In that way, they claim a sort of veto right on foreign policy matters, in the manner of the Monroe Doctrine that was born around 1823, and which the current U.S. secretary of state himself considers dead. From the “spheres of influence” comes the Russian Federation’s opposition to Ukraine joining NATO soon, which to it is a kind of intolerable “change of herd,” even though to Ukrainians, NATO is, on the contrary, an anchor for the defense of their freedom.

China and Russia both operate according to said parameter of “spheres of influence”; increasingly so, and hence, their absolute rejection of the American military presence, as well as that of NATO, in or near those “spheres of influence.”

To that effect, they are now preparing to send a message to the West, by announcing that next year, they will carry out joint naval exercises in the Mediterranean Sea, for the first time in history. This carries a clear message: If the U.S. or NATO have a presence in our “spheres of influence,” China and Russia feel at complete liberty to exert a military appearance even in the Mediterranean Sea itself.

With the “spheres of influence” criterion as a dogma of its own gospel, Russia is spearheading the creation of a new economic zone, called by some the “Euro-Asiatic Union,” with the dimensions the defunct Soviet Union once had, and inviting China to take part in it.

There is, in addition, a recent change in discourse — and attitude — in China and Russia. The arguments they now use are not only economic, but they are geopolitical as well, and increasingly, they are linked to the always-delicate question of international peace and security. Obviously, they have a high impact on the varied disputes on sovereignty over the sea, which remain open, as well as on matters of airspace jurisdiction, especially in the Chinese case.

The U.S., for its part, rejects the theory of the “spheres of influence.” Every country, it says, has the right to freely elect its own alliances, with full independence from regional powers, because the opposite would be the same as accepting that regional powers have some kind of “veto right” on foreign policy matters over medium-sized or small states in their region, which would be an unacceptable limitation of their sovereignty.

As a result, those Asian countries that distrust China and wish to obtain American military support are free to do so. Japan, Vietnam and the Philippines are current examples of this situation. The same can be said of the U.S. military presence in Japan, South Korea, Bahrain or Qatar, and that of NATO throughout old Europe, which visibly irritates China and the Russian Federation.

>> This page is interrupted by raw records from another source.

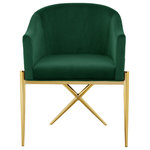 Meridian Furniture - Xavier Velvet Dining Chair, Green, Gold Legs - Spread elegance and modernity to your dining room with this Xavier green velvet dining chair from Meridian Furniture. This beautiful chair features a simple barrel seat with a plush cushion and back, ensuring that every meal is a comfortable one. The gold steel legs provide durable support while you sit, and an "X" leg in the back lends the chair an uber-modern vibe. Gold finishing on the base is sleek and chic, giving this chair a contemporary edge that's well at home in any modern dining room. Sleek green velvet upholstery is durable and tough yet soft against your body, elevating meal times to a luxurious experience.
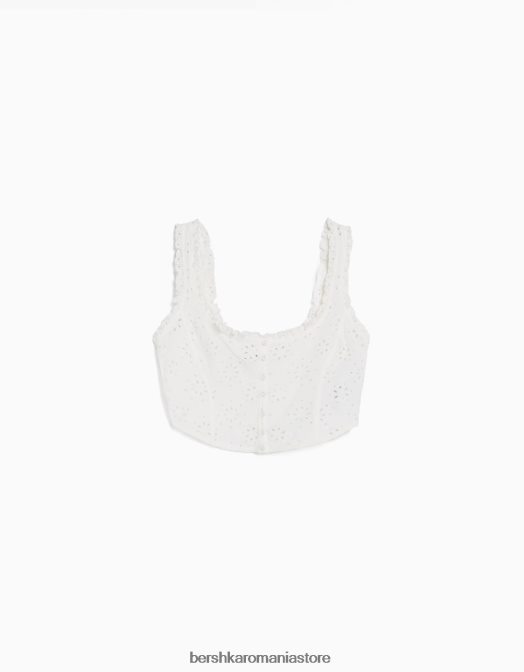 Bershka femei crop top în stil corset brodat elvețian alb Z86D516 îmbrăcăminte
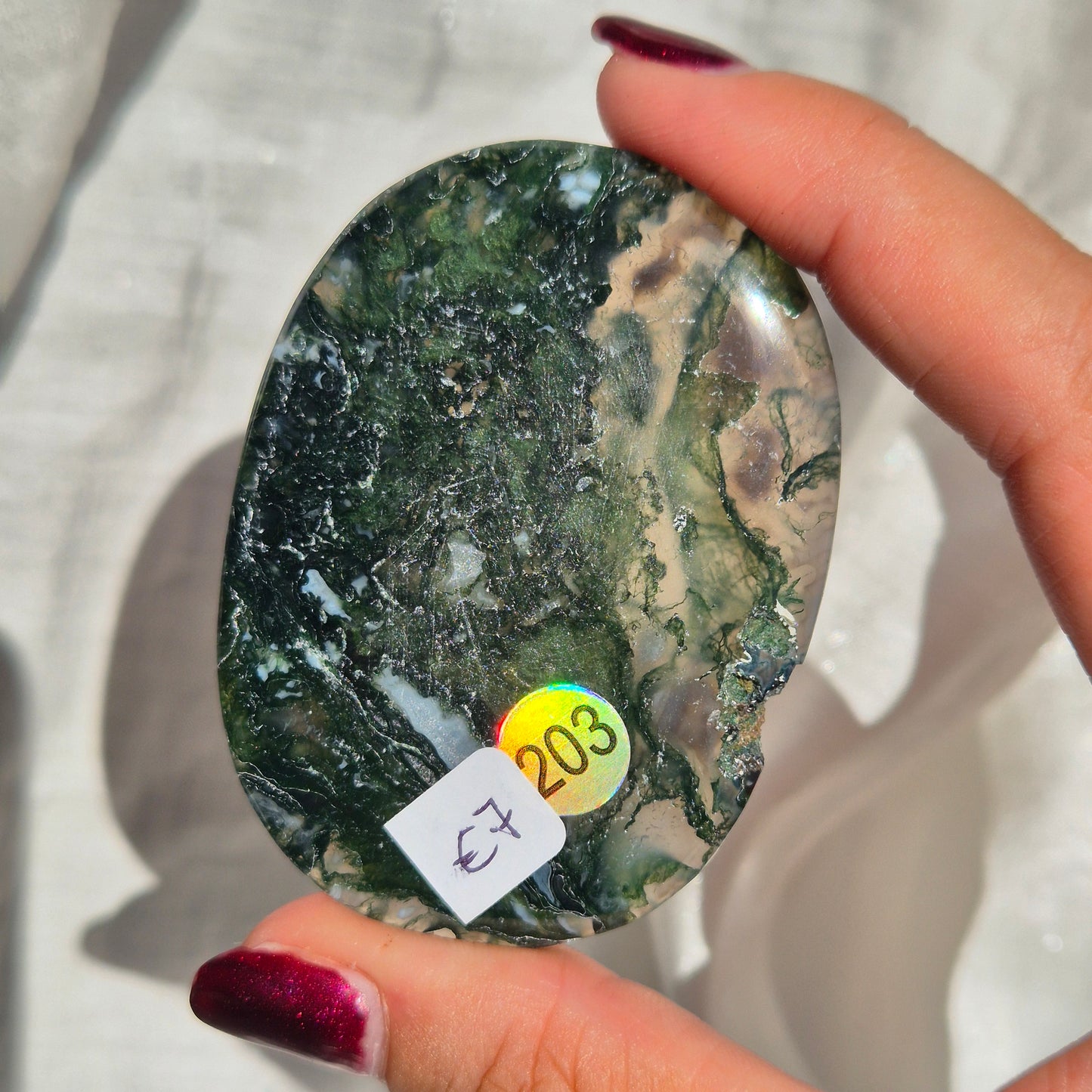 Moss agate flat palm 203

Something similar appears to be happening in our own Latin America, with the increasingly strong military ties that bind countries such as Venezuela and Nicaragua with the Russian Federation, which so far, have not generated strong or irate reactions from the Americans.

Because of this, the Russians say that Americans, in fact, pursue what they call the “Sinatra Doctrine,” thus recalling the song “I Did It My Way,” which Frank Sinatra immortalized. The unusual — but bitingly sarcastic — definition, translated into common language, means that as far as the U.S. is concerned, every country has the power to choose, with total freedom, the allies or coalitions it wants to have, with full independence from the desires that their respective regional powers may or may not have on the matter.

This is not new. It is simply insisting on nothing less than the basic principle of the “sovereign equality of all states,” which is the very existential foundation of the international community, and which has also been expressly recognized in the Charter of the United Nations itself, in Article 2.1. This is no small thing.